Because the loss of a colour usually led to or resulted in the defeat or annihilation of a unit, they are guarded carefully and never carried at the head of a unit but behind the leading element or in the centre when in parade order. When carried in public, colours always have their own escort of armed NCO’s for protection.

In infantry units they are carried by a junior officer, which is where the rank of Ensign (or second Lieutenant) came from. In Calvary regiments they are always carried by a warrant officer, and while the reason for this is lost in the mists of obscurity it is generally thought to have been a signal mark of respect and trust given by the officers to their subordinates.

Rifle regiments carry their battle honours on their drums and have no colours since their duty is to skirmish ahead of the main force which requires speed and concealment. Lancers and Hussars are also in this category.

The colours of the Artillery are their guns which symbolize their motto “Everywhere”. This is why you will get distinctly black looks and perhaps a quiet rebuke if you lean on or smoke in proximity to a gun, be it howitzer, anti-aircraft or medium.

Respect is always accorded colours and guidons and unless one wishes to appear ignorant or ill-mannered, one should always salute uncased colours or guidons or stand when they pass if seated as a spectator at & parade. This happens when colours are trooped, or in other words, paraded through the ranks in slow time so that all may see it and recognize it if ever called to rally.

The origin of the word trooping comes from the custom when after a day’s parade or fighting, the company colour was placed for safe keeping in the Ensign’s quarters. The music played during this “Lodging of the colour’ was called a ‘Troop’ so ‘trooping’ was already two centuries old when tacked on to routine guard mounting in 1755 to lend some extra interest.

The legends surrounding colours are legion. Once when a relieving force that arrived too late was burying the bodies of a regiment that had been annihilated they found the unit’s colour wound round the body of the Ensign under his tunic. It is preserved to this day with bayonet slits, bullet holes and the dark blood stains of the long dead but never forgotten young officer.

Another occasion was when the officers of a unit to be disbanded dismissed the servants at their last dinner and with armed guards on the doors cut the colour into pieces. Each was eventually buried with a piece of it, the story of the missing colour only coming to light after the last officer died.

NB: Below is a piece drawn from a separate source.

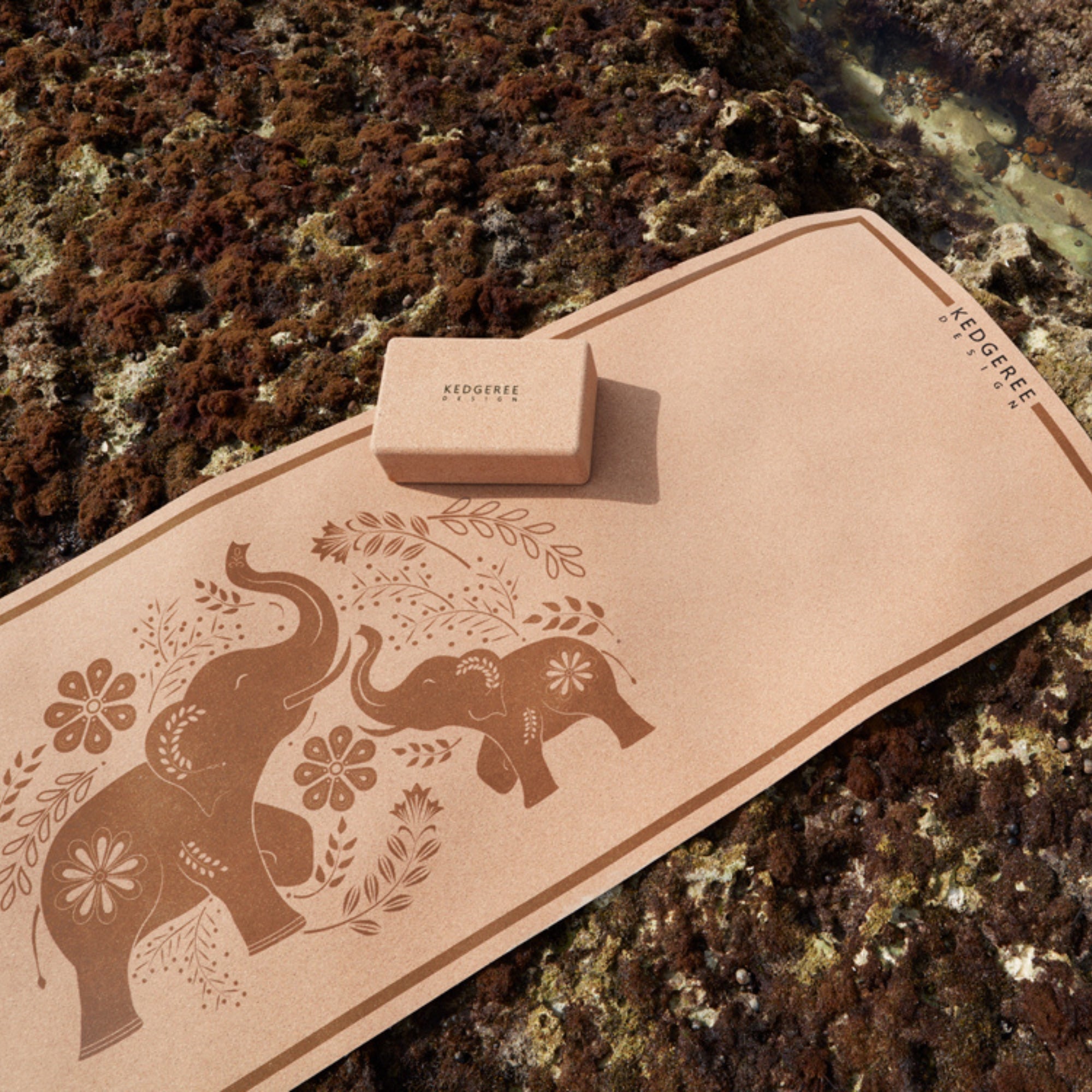 The Elephant design travel cork yoga mat on a beach from Kedgeree Design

Proper colours have not been taken into battle since 1881, although the PPCLI carried in World War I a Camp colour embroidered and presented by Lady Patricia herself. After the war she decorated the colour by augmenting it with a laurel wreath a custom also observed by Queen Victoria, dating back into antiquity. This same regiment is the only one in the Canadian Forces to carry the blue streamer of a United States Presidential unit citation for its participation in the battle at Kapyong, Korea in 1951.

Military Man is a strange animal by nature, as the non-military always remind him. His colours have always been a lasting physical symbol of the brotherhood he needs and experiences with his comrades, They have been lost and rewon, carried by earthquakes along with their guardians who refused to leave them for their own safety and defended to the end of life by boys in their teens. They have been burnt, buried, captured, torn to shreds, blown to pieces and laid up in tattered ruins of silken thread in churches and museums.

So when the guidon of the Garrys is laid up next month it will mean something to those who stormed ashore on the beaches of France on that same day 26 years ago. Older eyes may seek the names of the little French towns where they fought twenty-seven years before D Day while younger men will recall blue helmets, white jeeps and then blazing sands of the Sinai Desert. Only ghosts will be there to silently attest to the buffalo guns of Fish Creek and Batoche but the “Deeds not words”, will suffice for their absence.

To the cynical it will be an old flag put away with unnecessary formality, but those with a sense of history may muse on Sir Edward Hamley’s Poem:

A moth-eaten rag on a worm-eaten pole,
It does not look likely to stir a man’s soul
‘Tis the deeds that were done ‘neath the moth-eaten rag,
When the pole was a staff, and the rag was a flag.